Wavelet transformations are a powerful tool for HAR due to their time–frequency localization, as illustrated by the research work in [16]. The authors emphasize that choosing an optimal mother wavelet function is vital for accurate activity classification, presenting a selection methodology that combines wavelet packet transforms with energy-to-Shannon entropy and using Decision Tree and Support Vector Machine classifiers. Although the wavelet transformation itself is computationally efficient, the overall methodology in [16], which involves wavelet packet decomposition, feature extraction using energy-to-Shannon entropy, and model training with complex classifiers, can become computationally intensive. This makes it less suitable for real-time applications in resource-constrained, decentralized IoT environments.
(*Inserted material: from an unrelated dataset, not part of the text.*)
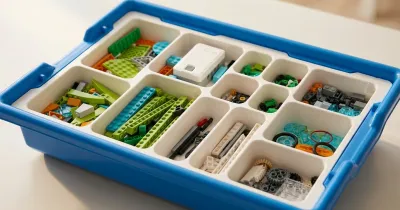 Базовый конструктор РобоГуру, совместимый с WeDo 2.0, в синей коробке с сортировочными лотками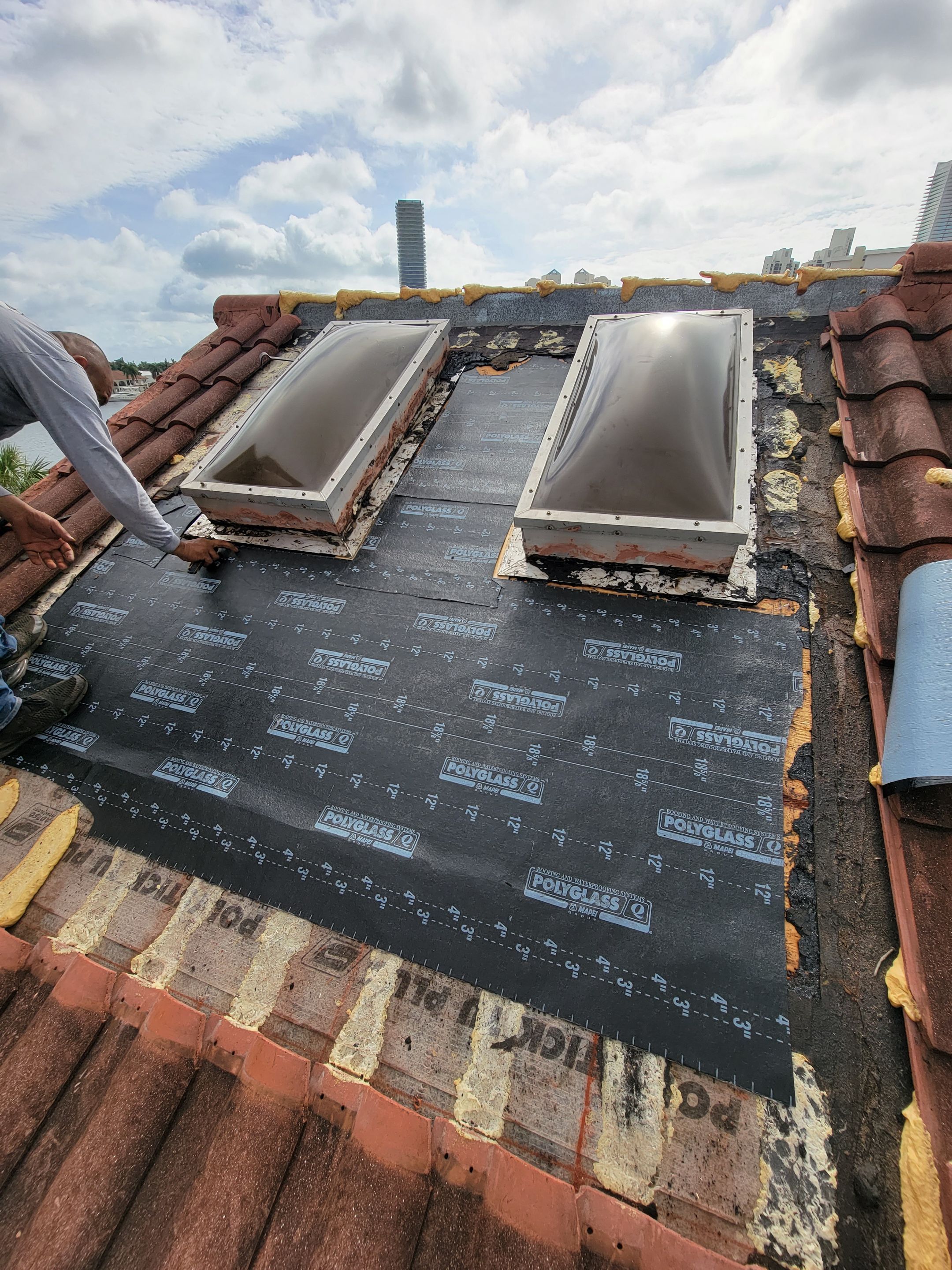 NE 37th Ave, Aventura, FL by G&J Roofing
In contrast, this research leverages federated learning combined with neural networks to enhance real-time HAR performance without compromising privacy, offering a more scalable and efficient approach for decentralized systems. Privacy in federated learning is central to the works’ framework.

Chen et al. [17] proposed a novel lightweight machine unlearning technique to enhance federated learning-based human activity recognition models by selectively erasing specific portions of a client’s training data. This approach leverages a separate, third-party dataset that is not involved in the original training process to facilitate the unlearning procedure. The method utilizes Kullback–Leibler divergence as the loss function during fine-tuning, aligning the model’s predicted probability distribution for the data to be forgotten with the distribution of the third-party dataset. To assess the efficacy of the unlearning process, a membership inference evaluation framework is introduced, providing a reliable measure of success in eliminating the influence of the targeted data. Extensive experiments conducted on multiple datasets reveal that this method achieves unlearning performance on par with retraining-based approaches. Moreover, it significantly reduces computational overhead, achieving speedups ranging from several hundred to thousands of times faster than conventional retraining, making it a highly efficient and scalable solution for real-world federated learning applications.
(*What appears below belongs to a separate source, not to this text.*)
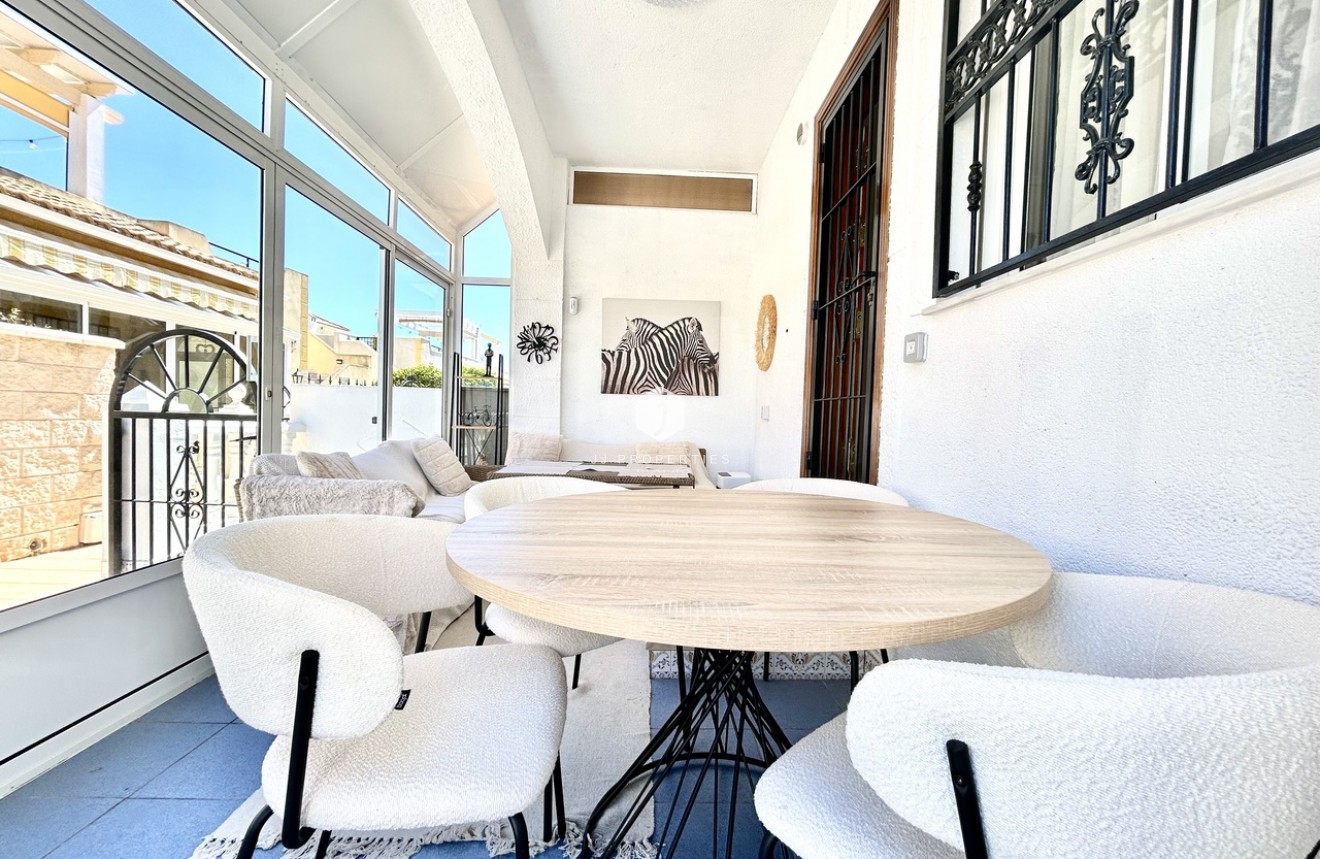 Aus zweiter Hand - Chalet -
Punta Prima - Costa Blanca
Authors in [18] address key vulnerabilities in federated learning, such as privacy inference and poisoning attacks, through a secure multi-party computation (MPC) framework. SAFEFL’s design focuses on defending FL models against combined attack vectors, a novel aspect that enhances model robustness. However, the proposed work diverges in addressing privacy through a hybrid federated model focused on securely capturing IoMT-driven HAR patterns, with specific attention to the personalized activity data of users. This distinction is critical as this proposed approach emphasizes model accuracy and adaptability in human activity recognition, particularly within IoMT contexts where data privacy is paramount.
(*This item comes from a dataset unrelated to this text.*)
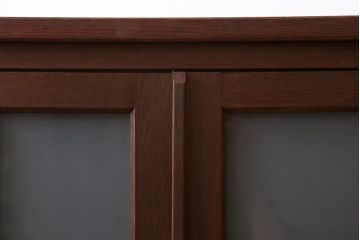 アンティーク家具　和製アンティーク　すりガラス扉の脚付きキッチンキャビネット(作業台・本箱)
Deep learning has revolutionized HAR, enabling automatic feature extraction from raw sensor data. The study [19] combines convolutional layers with LSTM networks, capitalizing on both spatial and temporal features.

By parallelizing CNN and LSTM modules, the architecture achieves competitive accuracy levels, demonstrating the potential of hybrid deep learning approaches. The research builds on this concept, proposing a hybrid LSTM-GRU model within a federated learning environment tailored for IoMT applications. Unlike previous work, the proposed architecture addresses resource constraints typical in IoMT by incorporating both LSTM and GRU networks, chosen for their ability to capture complex temporal dependencies while managing computational load efficiently.

In [20], CNNs are applied to HAR for automatic feature extraction, outperforming traditional feature engineering methods in accuracy. Despite CNN’s effectiveness in learning from large-scale datasets, the study highlights a limitation in scalability due to the cold-start problem and high data dependency. This study circumvents this by utilizing federated learning, which allows multiple devices to collaboratively train a model while preserving data privacy, and integrates hybrid LSTM-GRU networks to reduce the reliance on feature engineering, thus providing a more scalable solution for real-world IoMT environments.

Large-scale pre-training with unlabeled data has recently been explored for HAR, as seen in [21]. SelfPAB utilizes self-supervised learning (SSL) for HAR on large, unlabeled accelerometer datasets, providing robust feature extractors. This study showcases the potential of SSL in handling scarce labeled data, but it does not fully address real-time federated scenarios typical in IoMT-based HAR. The proposed approach leverages labeled federated learning to enable IoMT devices to independently process HAR tasks in a distributed network, which is advantageous in environments where labeled data can be sparse, and centralized data aggregation is impractical.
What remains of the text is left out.